Productive summer: Svi Mykhailiuk leads FIBA U20 European Championship in scoring


Kansas senior wing Svi Mykhailiuk led all scorers at FIBA's 2017 U20 European Championships in Crete, Greece, this month. Mykhailiuk averaged 20.4 points per game for his native Ukraine.

Kansas senior wing Svi Mykhailiuk led all scorers at FIBA's 2017 U20 European Championships in Crete, Greece, this month. Mykhailiuk averaged 20.4 points per game for his native Ukraine. by Courtesy photo

While his Kansas basketball teammates trained in Lawrence the past couple of months for the program’s upcoming trip to Italy, senior wing Svi Mykyailiuk prepared in his own distinct way, by practicing with and playing for Ukraine’s U20 national team.

Mykhailiuk might have missed out on the continuity that comes with sticking around campus with his fellow Jayhawks, but it didn’t stop him from having a constructive summer.

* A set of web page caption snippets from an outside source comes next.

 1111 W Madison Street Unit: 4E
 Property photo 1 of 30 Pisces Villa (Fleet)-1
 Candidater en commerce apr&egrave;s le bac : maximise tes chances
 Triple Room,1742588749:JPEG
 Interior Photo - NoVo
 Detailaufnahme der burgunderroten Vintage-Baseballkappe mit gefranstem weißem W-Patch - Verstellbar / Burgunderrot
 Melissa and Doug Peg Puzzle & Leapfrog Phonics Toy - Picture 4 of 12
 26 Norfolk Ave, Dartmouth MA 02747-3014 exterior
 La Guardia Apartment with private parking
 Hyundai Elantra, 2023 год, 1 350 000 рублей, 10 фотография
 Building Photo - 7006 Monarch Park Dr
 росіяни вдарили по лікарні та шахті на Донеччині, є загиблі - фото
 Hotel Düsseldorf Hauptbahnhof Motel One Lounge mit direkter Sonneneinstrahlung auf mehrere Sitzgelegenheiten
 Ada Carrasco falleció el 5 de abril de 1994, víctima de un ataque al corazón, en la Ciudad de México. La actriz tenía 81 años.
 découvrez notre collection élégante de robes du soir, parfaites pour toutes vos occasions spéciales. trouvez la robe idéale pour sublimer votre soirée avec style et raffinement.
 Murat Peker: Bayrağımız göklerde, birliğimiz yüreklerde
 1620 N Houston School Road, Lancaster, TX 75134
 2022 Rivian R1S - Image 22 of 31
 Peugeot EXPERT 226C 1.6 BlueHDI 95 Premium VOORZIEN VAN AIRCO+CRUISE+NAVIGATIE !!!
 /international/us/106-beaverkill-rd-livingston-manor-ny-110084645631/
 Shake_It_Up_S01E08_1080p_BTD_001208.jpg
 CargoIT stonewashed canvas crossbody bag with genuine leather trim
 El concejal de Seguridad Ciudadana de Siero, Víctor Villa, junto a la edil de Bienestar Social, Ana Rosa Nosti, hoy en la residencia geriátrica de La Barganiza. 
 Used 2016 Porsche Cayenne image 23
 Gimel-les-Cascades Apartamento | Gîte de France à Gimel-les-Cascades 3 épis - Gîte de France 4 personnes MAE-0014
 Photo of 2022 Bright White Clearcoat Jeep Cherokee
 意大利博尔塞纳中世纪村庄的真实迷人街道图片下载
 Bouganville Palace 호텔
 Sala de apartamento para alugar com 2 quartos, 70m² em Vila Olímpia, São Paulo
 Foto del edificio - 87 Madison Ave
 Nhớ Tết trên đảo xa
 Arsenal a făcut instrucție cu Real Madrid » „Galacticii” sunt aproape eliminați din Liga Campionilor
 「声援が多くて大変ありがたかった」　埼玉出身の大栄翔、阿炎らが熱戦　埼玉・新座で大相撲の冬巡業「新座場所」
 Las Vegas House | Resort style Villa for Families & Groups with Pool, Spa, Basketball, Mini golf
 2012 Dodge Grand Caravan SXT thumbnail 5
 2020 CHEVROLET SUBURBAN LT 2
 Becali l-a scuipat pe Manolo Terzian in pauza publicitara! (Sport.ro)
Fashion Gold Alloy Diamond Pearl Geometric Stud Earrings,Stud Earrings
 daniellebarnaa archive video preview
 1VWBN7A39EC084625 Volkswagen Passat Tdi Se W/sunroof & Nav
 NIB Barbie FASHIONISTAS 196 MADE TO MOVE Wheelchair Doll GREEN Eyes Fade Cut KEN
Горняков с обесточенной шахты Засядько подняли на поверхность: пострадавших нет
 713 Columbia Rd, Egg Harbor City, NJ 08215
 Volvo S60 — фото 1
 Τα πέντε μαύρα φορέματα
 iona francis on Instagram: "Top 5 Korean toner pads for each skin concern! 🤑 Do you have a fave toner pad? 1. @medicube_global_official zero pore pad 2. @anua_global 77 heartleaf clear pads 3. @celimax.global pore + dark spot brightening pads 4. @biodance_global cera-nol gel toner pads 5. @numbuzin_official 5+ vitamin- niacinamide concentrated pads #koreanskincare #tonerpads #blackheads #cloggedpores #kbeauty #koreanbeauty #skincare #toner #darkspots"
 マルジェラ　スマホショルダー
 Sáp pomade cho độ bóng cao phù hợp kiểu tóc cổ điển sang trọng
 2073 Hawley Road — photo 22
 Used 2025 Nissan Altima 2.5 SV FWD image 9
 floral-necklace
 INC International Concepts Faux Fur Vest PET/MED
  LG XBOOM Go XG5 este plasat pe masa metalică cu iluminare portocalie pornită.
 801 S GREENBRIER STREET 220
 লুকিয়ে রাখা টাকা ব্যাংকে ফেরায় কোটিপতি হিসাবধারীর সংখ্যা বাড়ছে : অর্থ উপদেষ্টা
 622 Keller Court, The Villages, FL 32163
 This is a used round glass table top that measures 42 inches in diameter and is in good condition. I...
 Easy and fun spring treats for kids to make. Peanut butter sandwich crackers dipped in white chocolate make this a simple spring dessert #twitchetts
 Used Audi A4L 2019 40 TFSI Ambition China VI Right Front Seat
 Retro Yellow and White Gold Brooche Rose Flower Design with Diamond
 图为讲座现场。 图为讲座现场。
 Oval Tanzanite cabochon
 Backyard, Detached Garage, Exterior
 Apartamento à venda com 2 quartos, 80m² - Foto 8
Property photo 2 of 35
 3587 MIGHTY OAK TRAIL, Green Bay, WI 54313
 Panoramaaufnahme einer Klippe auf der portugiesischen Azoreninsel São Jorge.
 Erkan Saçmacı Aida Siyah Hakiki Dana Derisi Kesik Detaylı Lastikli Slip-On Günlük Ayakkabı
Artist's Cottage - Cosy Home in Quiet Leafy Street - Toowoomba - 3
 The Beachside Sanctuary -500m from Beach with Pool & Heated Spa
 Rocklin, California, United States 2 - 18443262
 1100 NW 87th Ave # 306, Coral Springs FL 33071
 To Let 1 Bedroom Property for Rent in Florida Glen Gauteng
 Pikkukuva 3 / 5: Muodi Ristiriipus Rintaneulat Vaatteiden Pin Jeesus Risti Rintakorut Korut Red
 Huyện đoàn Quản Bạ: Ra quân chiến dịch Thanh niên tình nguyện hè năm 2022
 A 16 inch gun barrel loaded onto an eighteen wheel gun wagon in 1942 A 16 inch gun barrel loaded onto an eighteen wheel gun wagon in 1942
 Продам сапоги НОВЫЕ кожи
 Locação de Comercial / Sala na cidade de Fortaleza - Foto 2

Among the 180 athletes competing at the FIBA 2017 U20 European Championships, none scored more points than Mykhailiuk.

Although Ukraine went 3-4 at the international event and finished 10th out of 16 teams, Mykhailiuk showcased his individual talent in Crete, Greece, over the last week-plus, averaging 20.4 points per game in seven outings. The KU senior didn’t look one-dimensional, though. He also averaged 6.4 rebounds and 4.4 assists.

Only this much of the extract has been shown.